# Converting a Scikit model into ONNX format

### Import the necessary packages.

In [1]:
import numpy as np
from sklearn.datasets import fetch_20newsgroups
from sklearn.feature_extraction.text import CountVectorizer
from sklearn.neural_network import MLPClassifier
from sklearn.pipeline import Pipeline
from skl2onnx.convert import convert_sklearn
from skl2onnx.common.data_types import StringTensorType
from onnxruntime import InferenceSession
from onnxmltools.utils import save_model

### 20 newsgroup dataset
We use the 20 newsgroups dataset in this experiment. It comprises around 18000 newsgroups posts on 20 topics split in two subsets: one for training and the other one for testing.

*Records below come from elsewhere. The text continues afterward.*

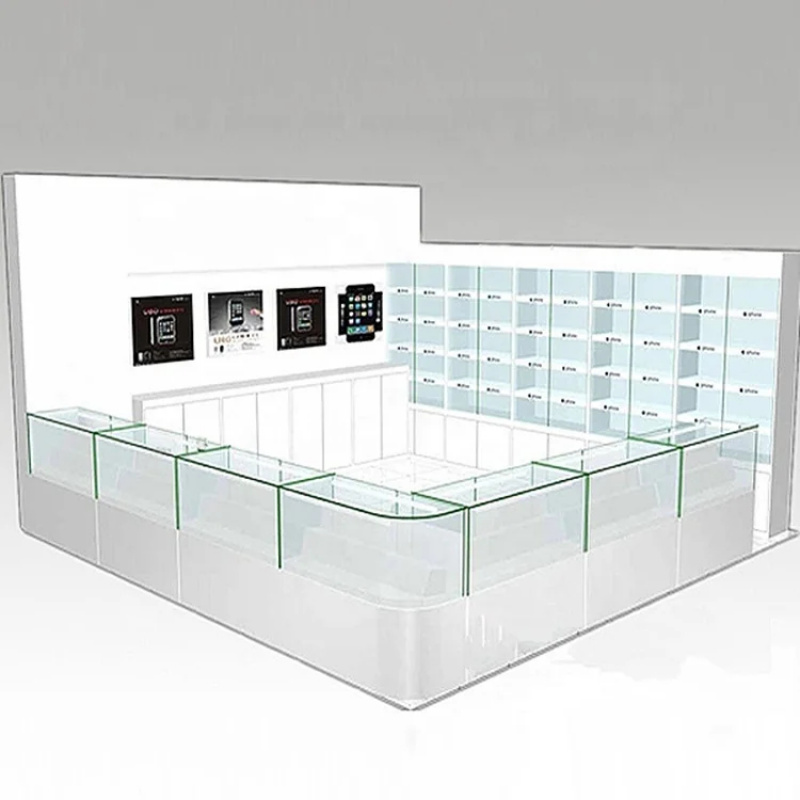 Phone Accessories Design Shop - custom.Mobile Phone Glass Display Showcase Design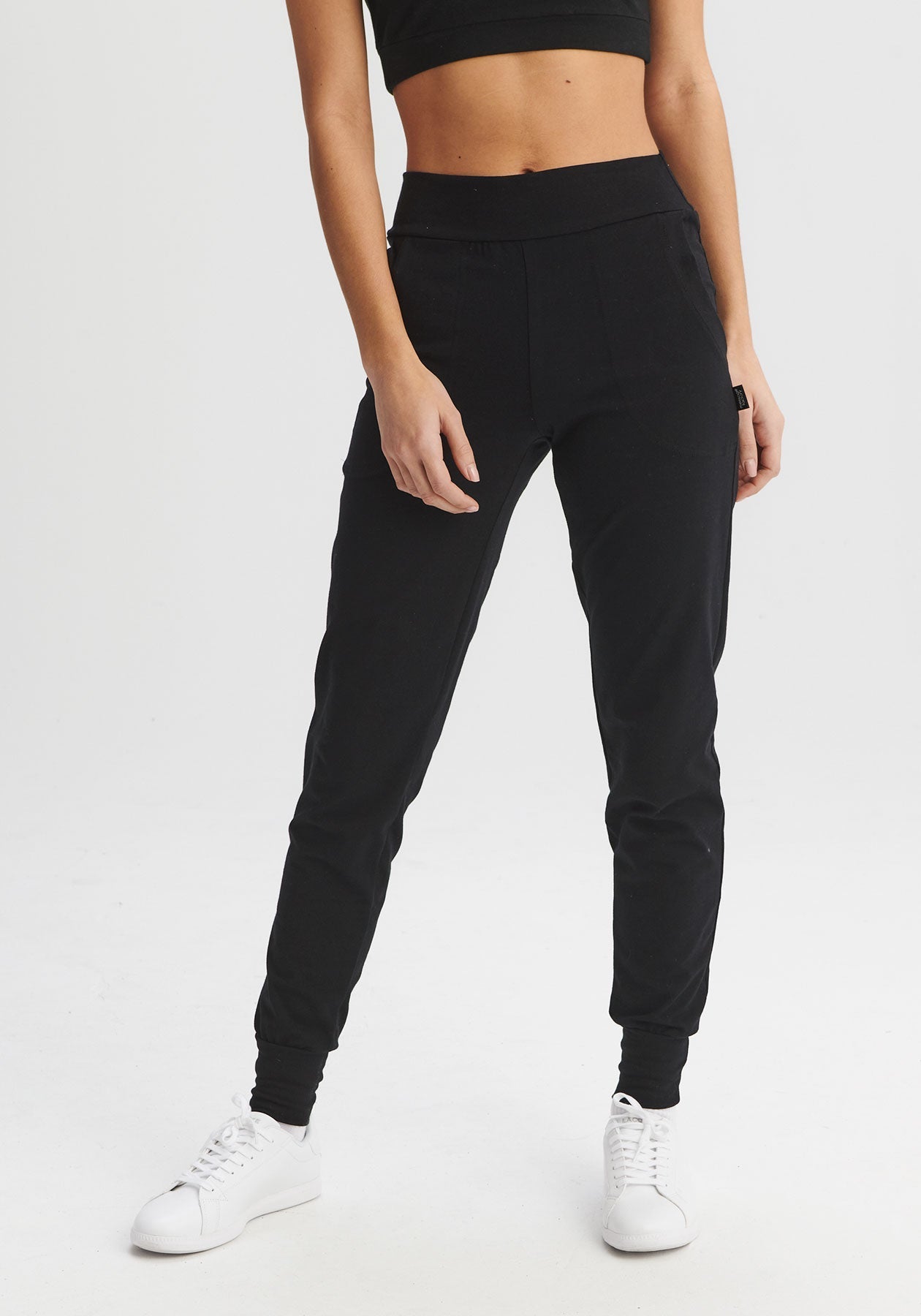 AMHERST - Pantalon sport noir-Bas-Message Factory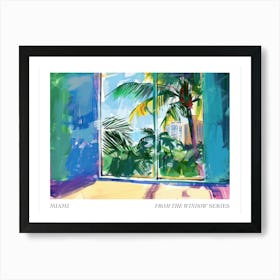 Miami From The Window Series Poster Painting 3 Art Print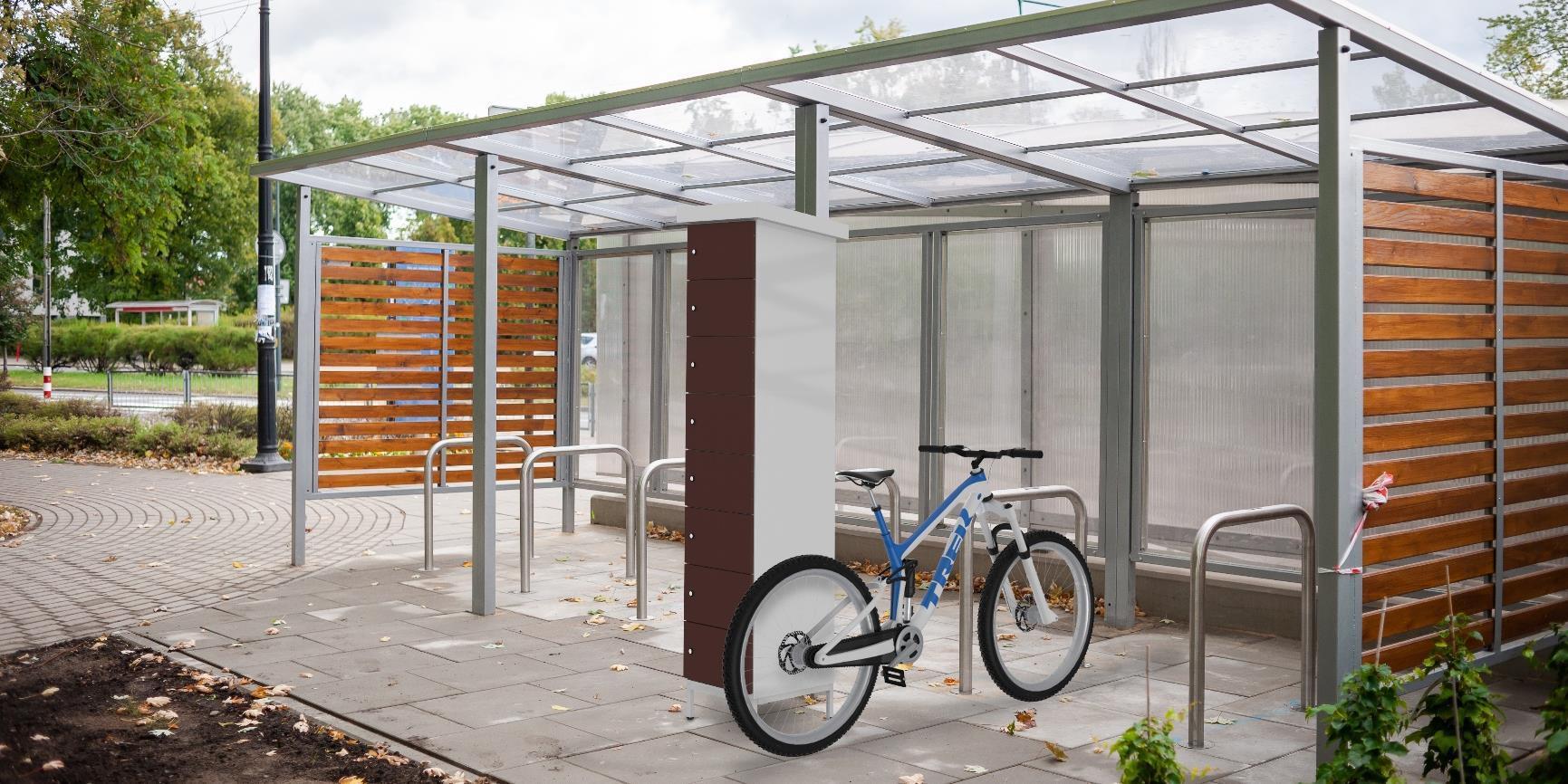 Szafa do ładowania akumulatorów rowerów i hulajnóg elektrycznych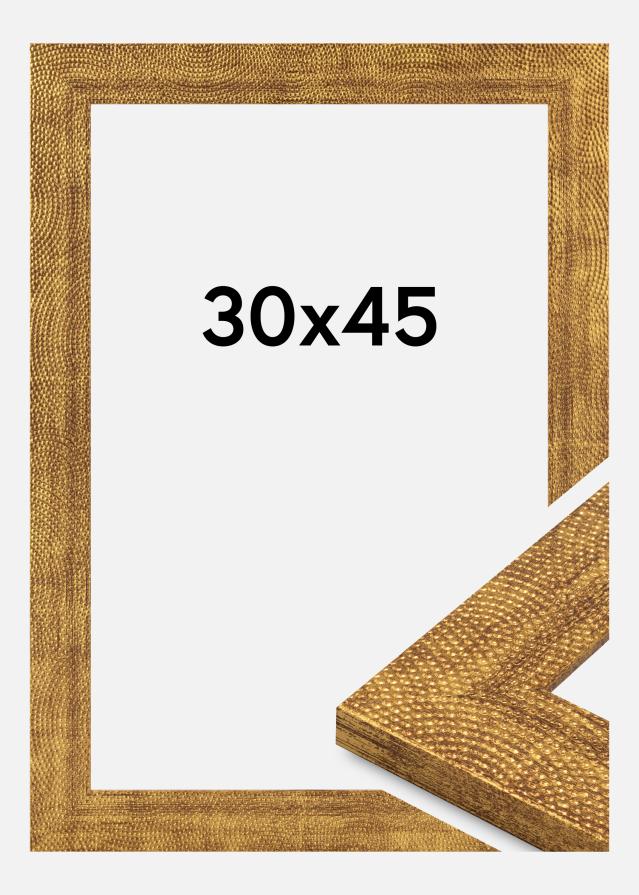 Moldura Linea Vidro acrílico Ouro 30x45 cm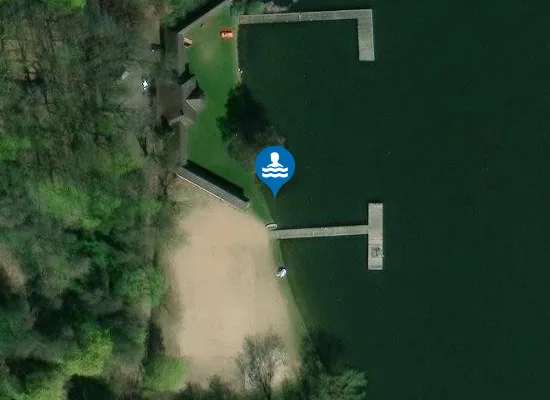 Satellite image of RUPPINER SEE NEURUPPIN JAHNBAD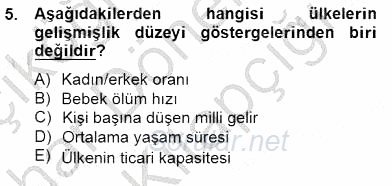 Anne Çocuk Sağlığı Ve İlkyardım 2014 - 2015 Ara Sınavı 5.Soru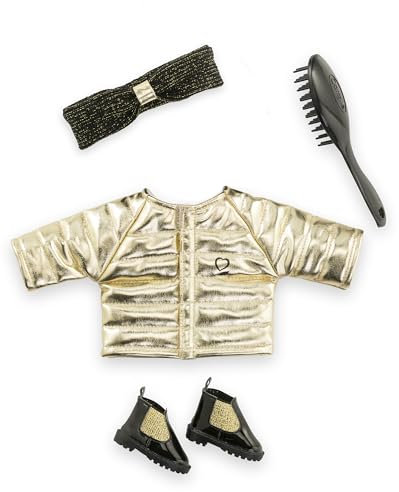 Couture Outfit Set, 5 Teile schwarz-goldenes Outfitset für alle 36cm MaCorolle Ankleidepuppen, ab 3 Jahren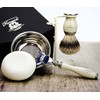 5 Piece Shaving Set - With Silver Tip Badger Brush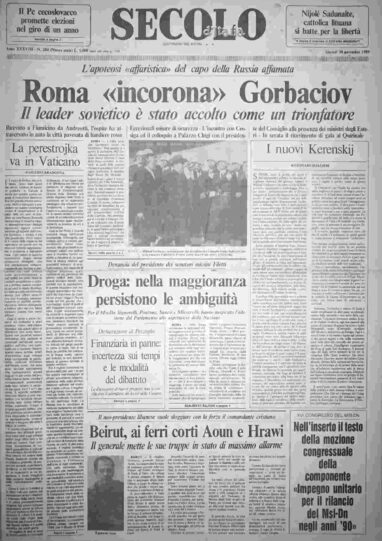 giovedì 30 novembre 1989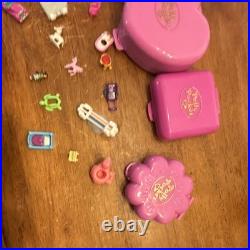Polly Pocket Vintage 1990s Compact Playset Lot Compacts Mini Figures Accessories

We pick 2 categories out of 20 for our experiment.

In [2]:
cats = ['rec.motorcycles', 'sci.electronics']
training_data = fetch_20newsgroups(subset='train', categories=cats)
test_data = fetch_20newsgroups(subset='test', categories=cats)

In [3]:
X_train, y_train = np.array(training_data.data), training_data.target
X_test, y_test = np.array(test_data.data), test_data.target

### Scikit Pipeline
We create a scikit pipeline, which featurises the text using CountVectorizer() and then uses an MLPClassifier() to train the model.

In [7]:
model = Pipeline([('countvec', CountVectorizer()), ('predictor', MLPClassifier(random_state=42))])
model.fit(X_train, y_train)

Pipeline(memory=None,
         steps=[('countvec',
                 CountVectorizer(analyzer='word', binary=False,
                                 decode_error='strict',
                                 dtype=<class 'numpy.int64'>, encoding='utf-8',
                                 input='content', lowercase=True, max_df=1.0,
                                 max_features=None, min_df=1,
                                 ngram_range=(1, 1), preprocessor=None,
                                 stop_words=None, strip_accents=None,
                                 token_pattern='(?u)\\b\\w\\w+\\b',
                                 tokenizer=None, vocabulary...
                               batch_size='auto', beta_1=0.9, beta_2=0.999,
                               early_stopping=False, epsilon=1e-08,
                               hidden_layer_sizes=(100,),
                               learning_rate='constant',
                               learning_rate_init=0.001, max_iter=200,
      

### Model accuracy
Calculate the accuracy of our model on the test set.

In [8]:
np.mean(model.predict(X_test) == y_test)

0.9835651074589128

### Conversion to ONNX
Convert the scikit model into ONNX format using convert_sklearn(), then save the ONNX model.

In [9]:
model_onnx = convert_sklearn(model, 'newsgroup', [('input', StringTensorType([None]))])
save_model(model_onnx, 'news.onnx')

### Load the onnx model
For inferening, we first load the model as shown below.

In [10]:
sess = InferenceSession('news.onnx')

### Prediction using onnxruntime
In order to run prediction on a test set, we call run() passing the test set like this:

In [11]:
res = sess.run(None, input_feed={'input': X_test})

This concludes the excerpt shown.